Mittlerweile klackern Nicht-Beats auf Chill-Playlisten, am Badestrand von Bibione oder beim Ritalin-Entzug im Jura-Jahrgang. Kein Wunder, dass DJ Seinfeld genug von der Sache hatte. 'Mirrors' ist der Versuch, die eigene Vergangenheit umzurühren wie eine Joghurtecke von Müller. Und sie abzurubbeln wie den Clubstempel am Handgelenk. Heidi Klum würde sich bei einem derart angestrengten 360-Grad-Makeover vor lauter Aufregung in den Hosenanzug scheißen. Seinfeld lässt die Haare dran, weil er lieber selbst ins Verderben springt.
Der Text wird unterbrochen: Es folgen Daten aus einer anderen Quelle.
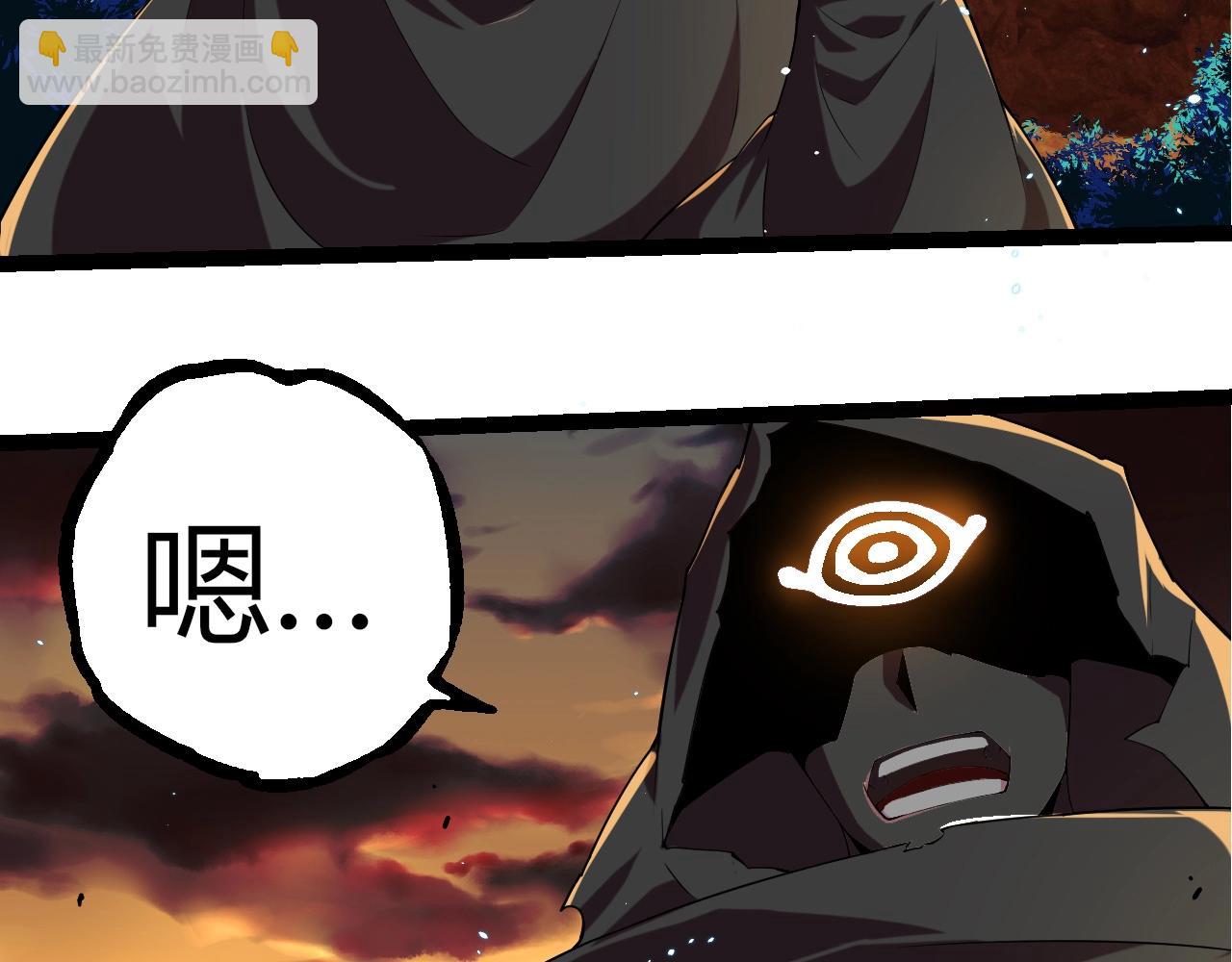 從大樹開始的進化 - 第314話 金剛王對戰神(1/3) - 4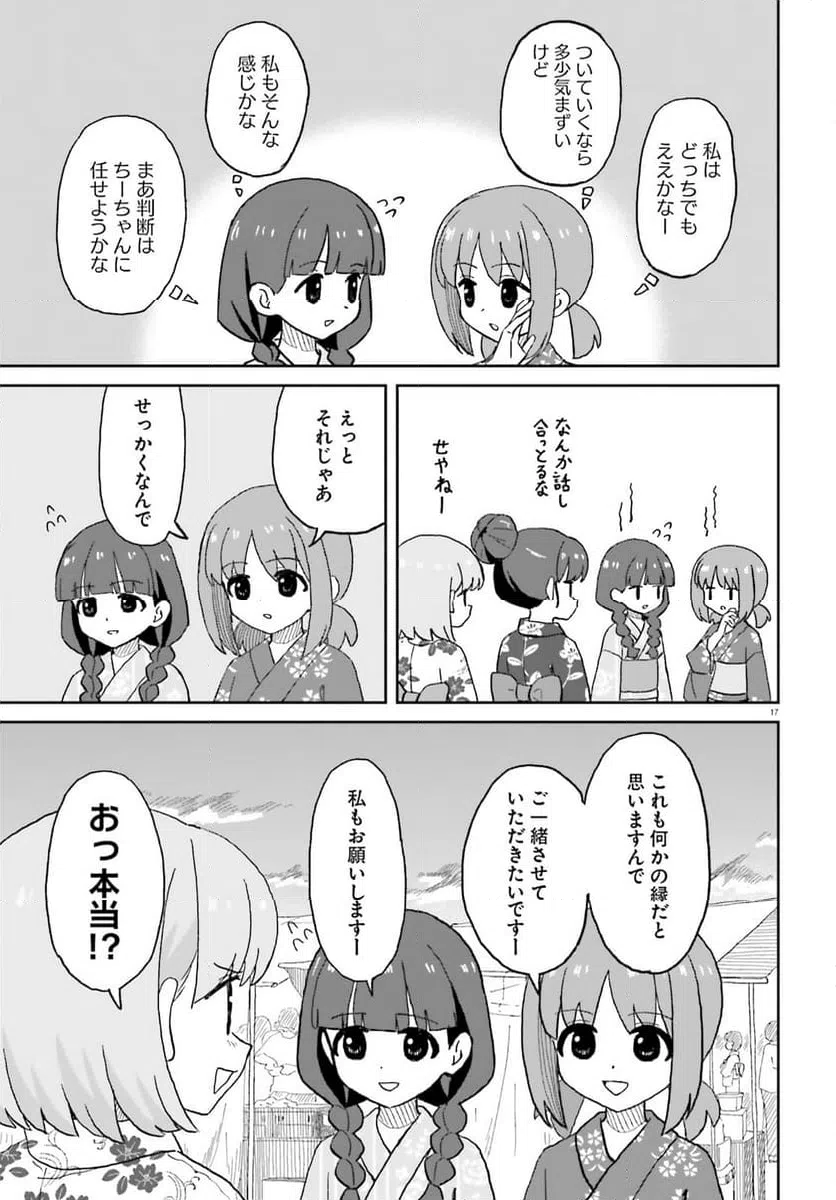 ページ 17 — 第26話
Mit 2-Step, Vocals und einem Geklatsche, das auf der Mainstage vom Tomorrowland schon vor zehn Jahren nach einem Fürzchen von David Guetta klang.

Der Gestank legt sich aber nicht, sondern zieht mit 'She Loves Me' auf die Bühne. Der Scheinwerfer strahlt, das Herz rast, Stille. Alle warten, was passiert. Bloß: Seinfeld hat seine Seele längst an den Teufel verscherbelt und darf nur noch mit Samples von Loopmasters rumeiern. Einmal zwitschert der Wald. Ein anderes Mal rasselt Seinfeld durch die Masterclass von Deadmau5. Und bei manchem Melodie-Gekreische kann man nur hoffen, dass die Swedish House Mafia in bälde Betonfüße gießt. Seinfeld erlaubt sich schließlich den Spaß, das eigene Unvermögen mit Stimmen zu kaschieren, die über Breaks säuseln, bei denen selbst Ray-Ban tragende Dachterrassen-DJs vor Entsetzen die Hemdärmel hochkrempeln.

Quält man sich durch zehn Stufen der Seinfeld’schen Einfallslosigkeit, wird man den Verdacht nicht los, dass hier jemand ein Album mit dem Ziel produziert hat, sich auf direktem Weg in die Beatport Summer Vibes Collection zu schießen. Ohne Umwege. Nur rein ins Inferno. Man will es dem Producer nicht verübeln, seitdem die Future-Kids EDM totgeprügelt haben, ballert House aus allen Bluetooth-Boxen. House, der keiner ist, den aber alle so nennen, weil Alben wie 'Mirrors' mit der Vorstellung dessen spielen, was Leute inzwischen von elektronischer Musik erwarten.

Das House jemals etwas auslösen konnte – ein Gefühl, einen Gedanken, vielleicht sogar einen Moment, an den man sich später wieder erinnern kann –, ist spätestens nach der zweiten Nummer vergessen. Bei Seinfelds 08/15-Gejaule friert das Gefühlsbarometer zwar nicht ein, schlägt aber aus in einen Bereich, der zwischen totaler Belanglosigkeit und abgrundtiefer Verachtung herumzittert wie ein Alki auf Entzug. Das könnte so weit führen, dass man sich aus akuter Langeweile Shirts von Camp David ordert, um sich coked up im Spiegelbild des Glastisches zu bewundern. Das Ergebnis: nicht schön, eher traurig. Und ziemlich boring.

Disclaimer: Wir veröffentlichen diese Rezension als Perspektive des Autors und stehen ausdrücklich hinter seiner Expertise als Musikjournalist sowie der Entscheidung den Artikel zu veröffentlichen. Zur besseren Einordnung aber auch: Als Review bildet dieser Beitrag nur einen von vielen Blickwinkel, nicht aber die Meinung unseres Online-Magazins in seiner Gänze ab.